(Exercise instructions): One part of the entries below is wanted: the lines from the one containing "英伟达新核弹 耕升GeForce RTX 30霸0 炫光10G 奥力给！！！" through the one containing "безопасности в библиотеке". Write those out exactly and nothing else.

(Records provided):
***

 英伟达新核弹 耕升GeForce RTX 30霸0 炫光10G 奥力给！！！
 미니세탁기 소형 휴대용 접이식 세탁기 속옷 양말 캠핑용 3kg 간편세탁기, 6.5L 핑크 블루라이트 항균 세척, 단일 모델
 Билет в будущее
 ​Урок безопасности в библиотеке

***

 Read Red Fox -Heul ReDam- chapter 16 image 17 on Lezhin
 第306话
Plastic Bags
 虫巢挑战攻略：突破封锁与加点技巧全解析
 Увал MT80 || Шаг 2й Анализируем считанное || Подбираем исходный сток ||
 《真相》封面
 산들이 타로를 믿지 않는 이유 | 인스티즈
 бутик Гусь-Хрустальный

***

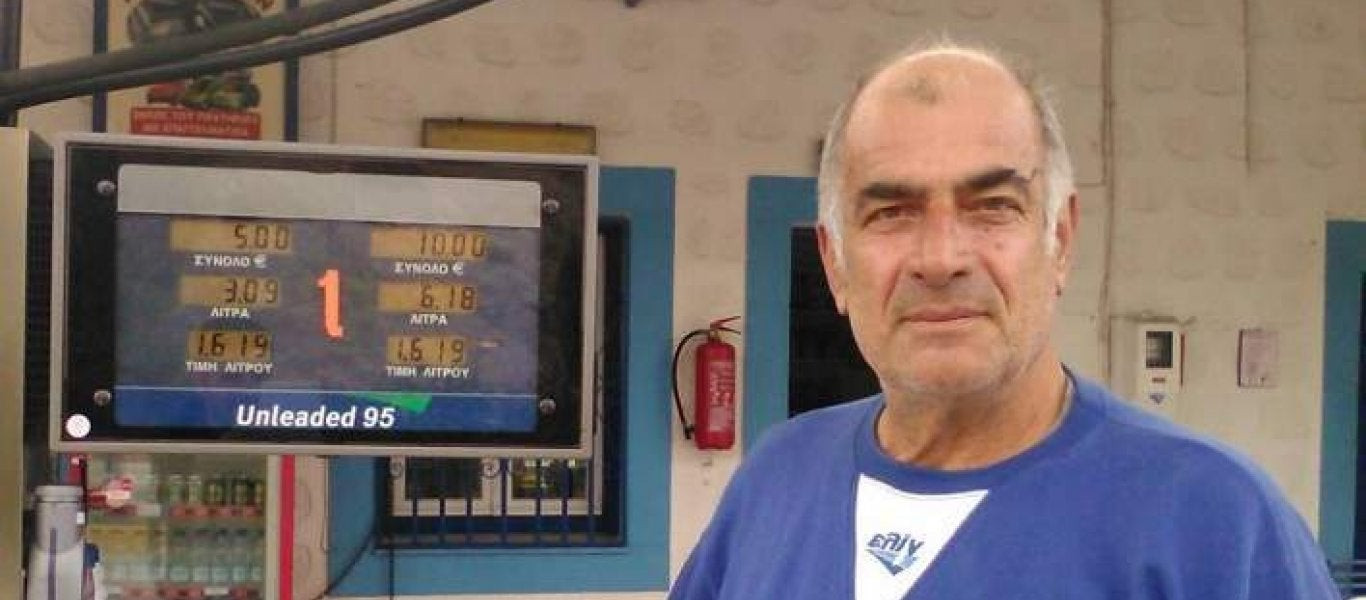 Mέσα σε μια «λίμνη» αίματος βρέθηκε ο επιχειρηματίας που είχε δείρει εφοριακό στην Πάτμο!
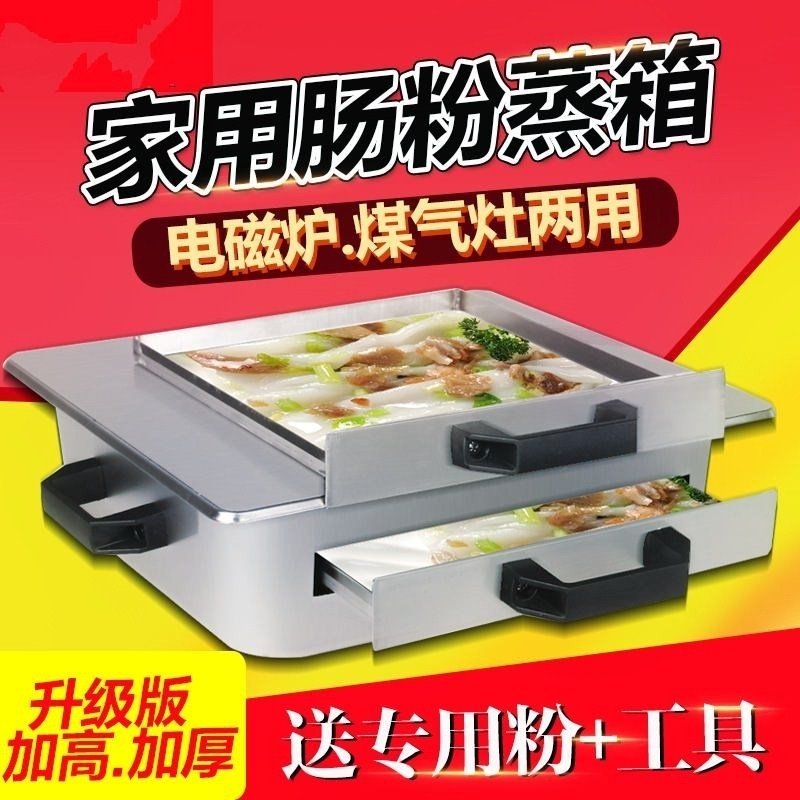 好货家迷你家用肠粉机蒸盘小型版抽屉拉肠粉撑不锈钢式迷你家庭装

***

(Problem solution):
 英伟达新核弹 耕升GeForce RTX 30霸0 炫光10G 奥力给！！！
 미니세탁기 소형 휴대용 접이식 세탁기 속옷 양말 캠핑용 3kg 간편세탁기, 6.5L 핑크 블루라이트 항균 세척, 단일 모델
 Билет в будущее
 ​Урок безопасности в библиотеке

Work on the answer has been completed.